What you are asked to do: Make an exact copy of all the entries below, with the pictures left out.

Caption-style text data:
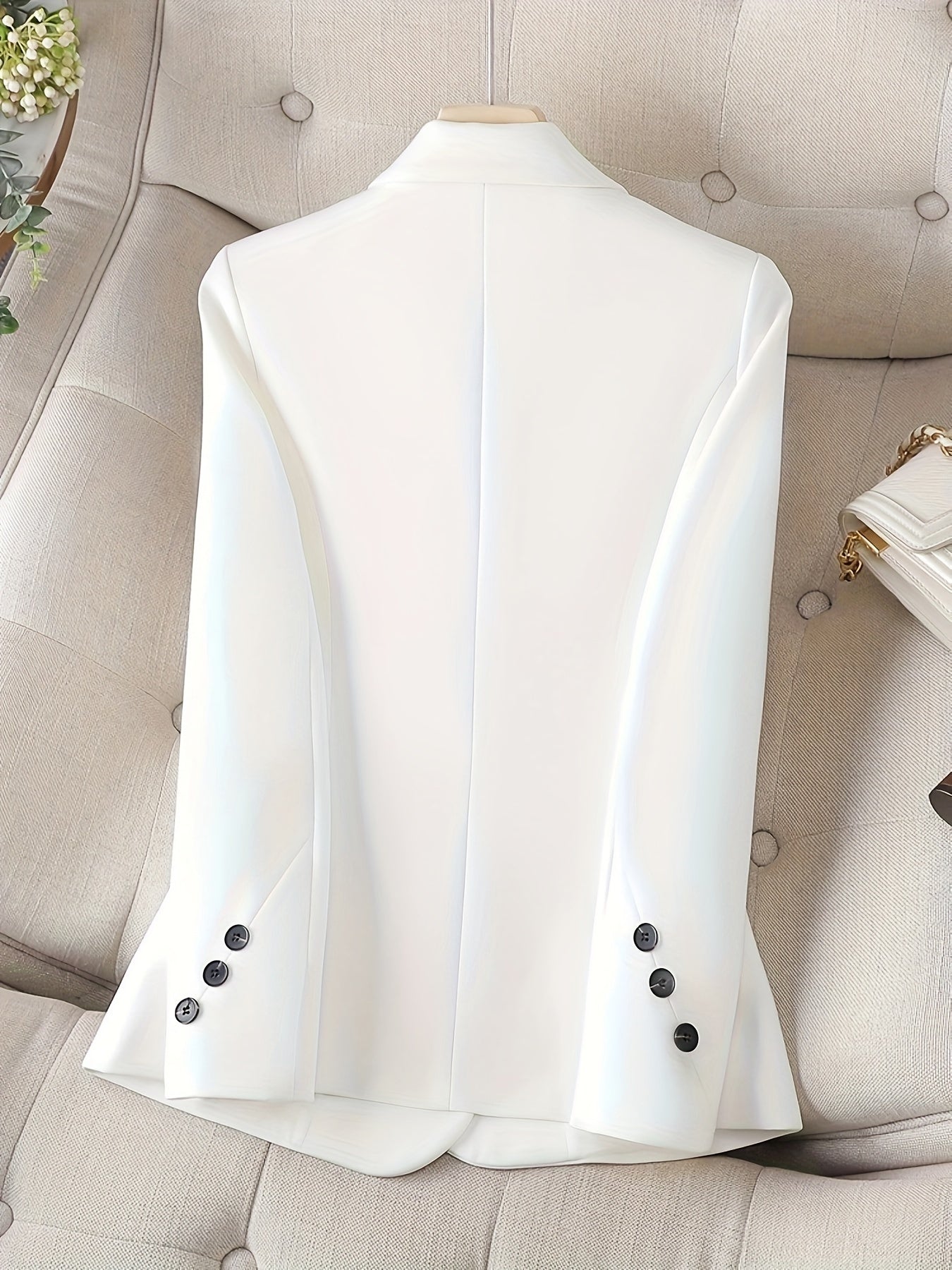 Notched Collar Button Front Blazer, Elegant Long Sleeve Blazer .
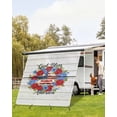 thumbnail image 4 of 4th of July RV Awning Sun Shade Screen 9'X7' Patriotic Stars Wreath Mesh Sunscreen Rose Daisy Wood Grain Awning Shade Screen with Zipper UV Blocker Completed Kits for RV Motorhome Camper, 4 of 7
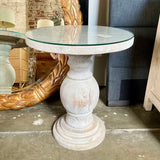 Round Pedestal Accent Table With Glass Top 22"Diam x 25.5"T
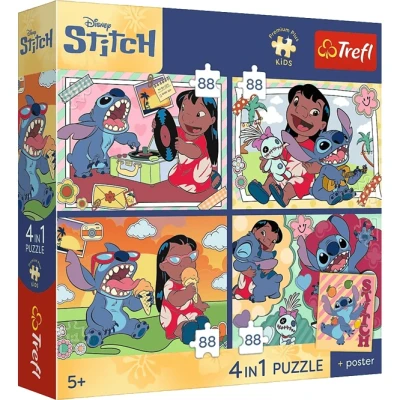Puzzle Lilo & Stitch Kosmiczny Stitch 4x88 elementów Trefl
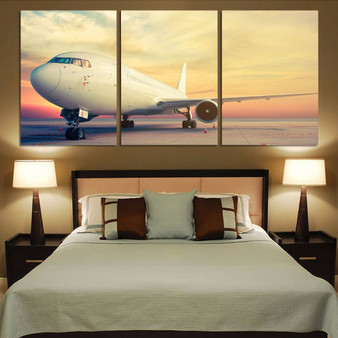 Parked Aircraft During Sunset Printed Canvas Posters (3 Pieces)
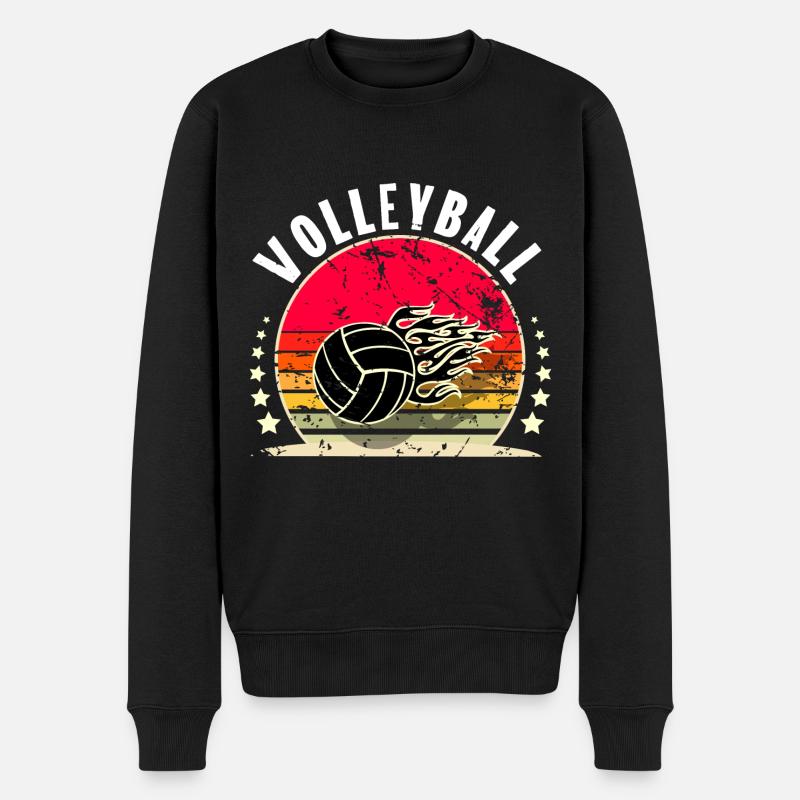 Volleyball - Männer Premium Bio Pullover - Schwarz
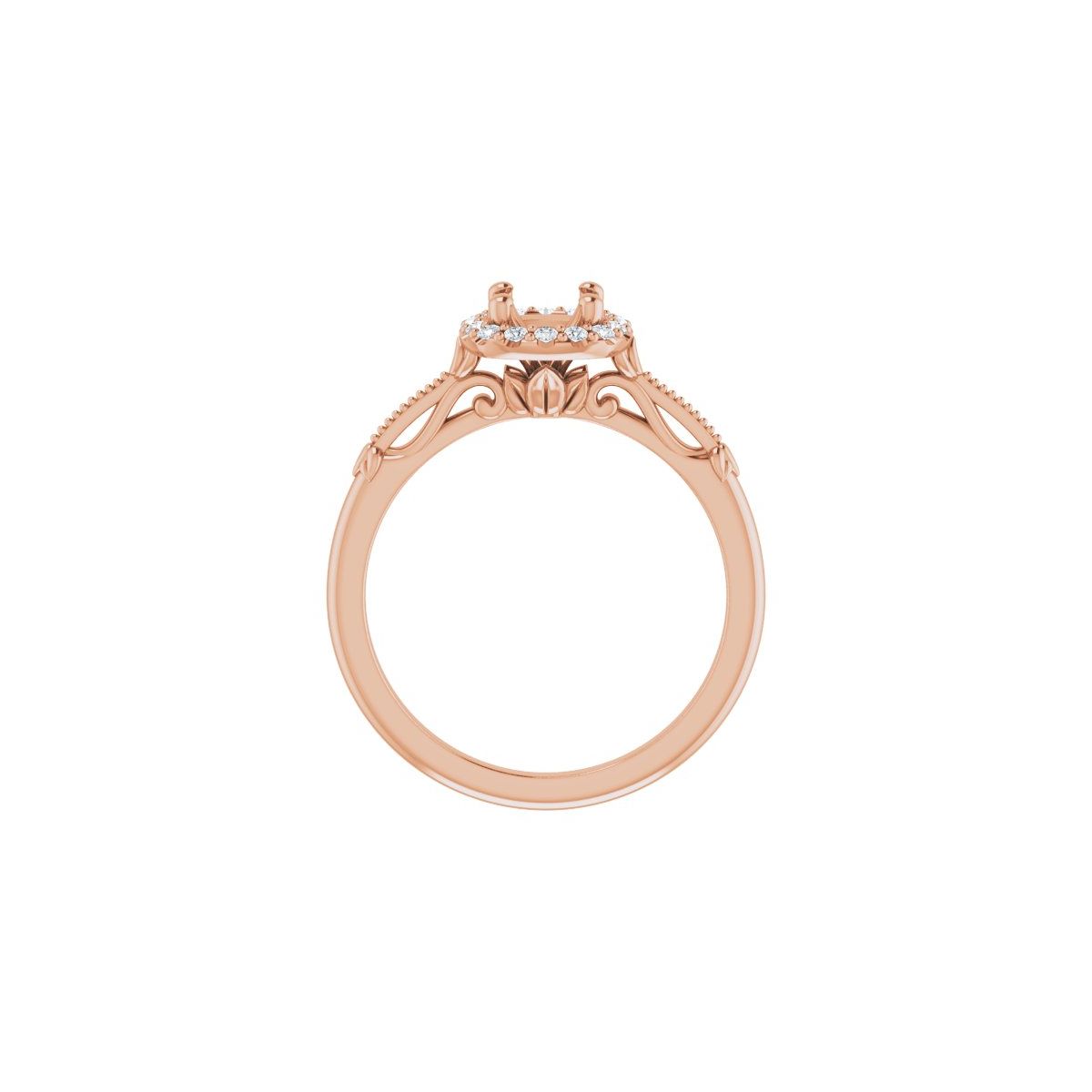 Cushion Halo-Style Engagement Ring Semi-Mount - gallery - Series 124330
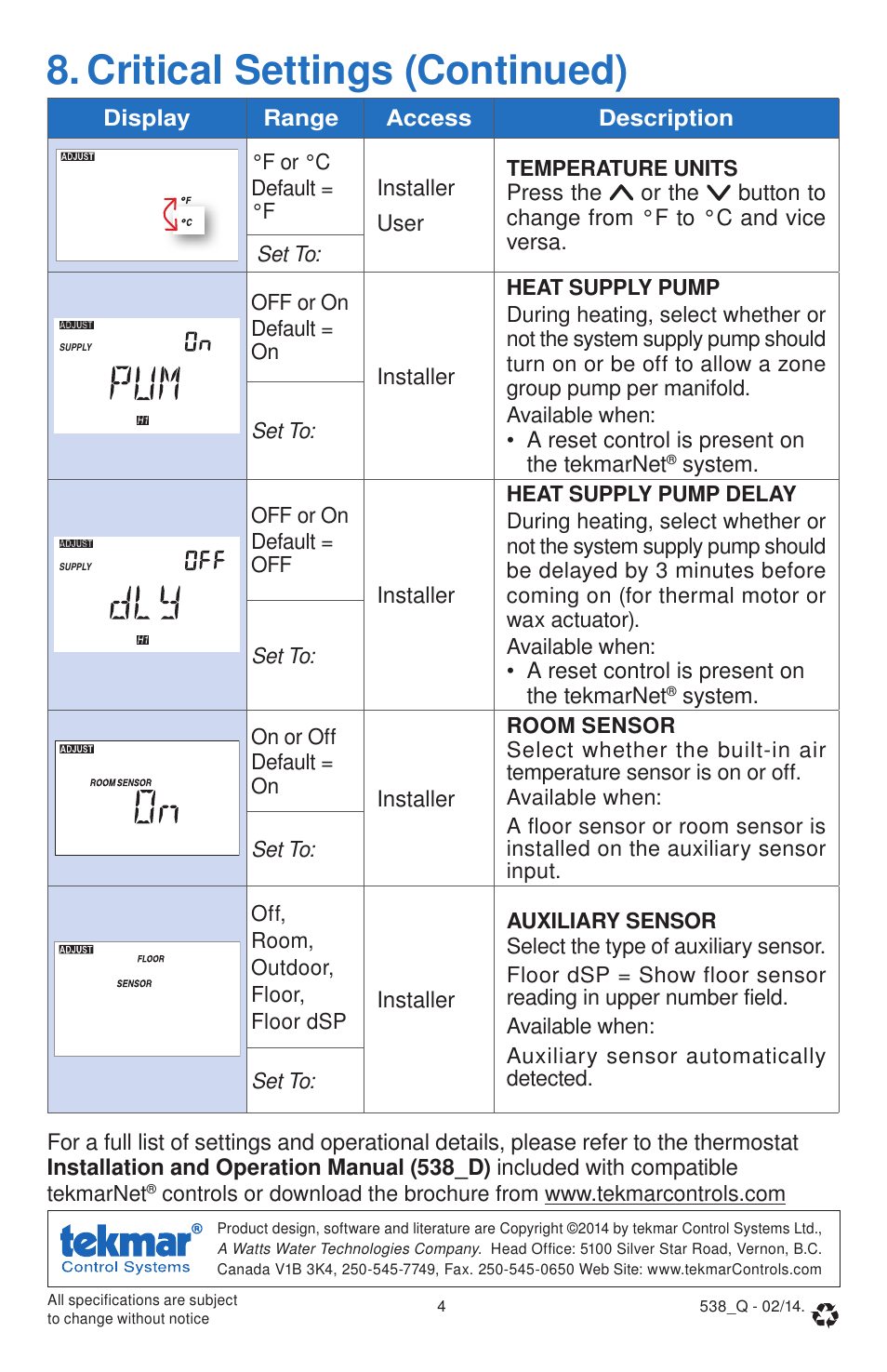 Critical settings (continued) | tekmar 538 Thermostat Quick Start User Manual | Page 4 / 12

Exercise response:
 Notched Collar Button Front Blazer, Elegant Long Sleeve Blazer .
 thumbnail image 4 of 4th of July RV Awning Sun Shade Screen 9'X7' Patriotic Stars Wreath Mesh Sunscreen Rose Daisy Wood Grain Awning Shade Screen with Zipper UV Blocker Completed Kits for RV Motorhome Camper, 4 of 7
 Round Pedestal Accent Table With Glass Top 22"Diam x 25.5"T
Puzzle Lilo & Stitch Kosmiczny Stitch 4x88 elementów Trefl
 Parked Aircraft During Sunset Printed Canvas Posters (3 Pieces)
 Volleyball - Männer Premium Bio Pullover - Schwarz
 Cushion Halo-Style Engagement Ring Semi-Mount - gallery - Series 124330
 Critical settings (continued) | tekmar 538 Thermostat Quick Start User Manual | Page 4 / 12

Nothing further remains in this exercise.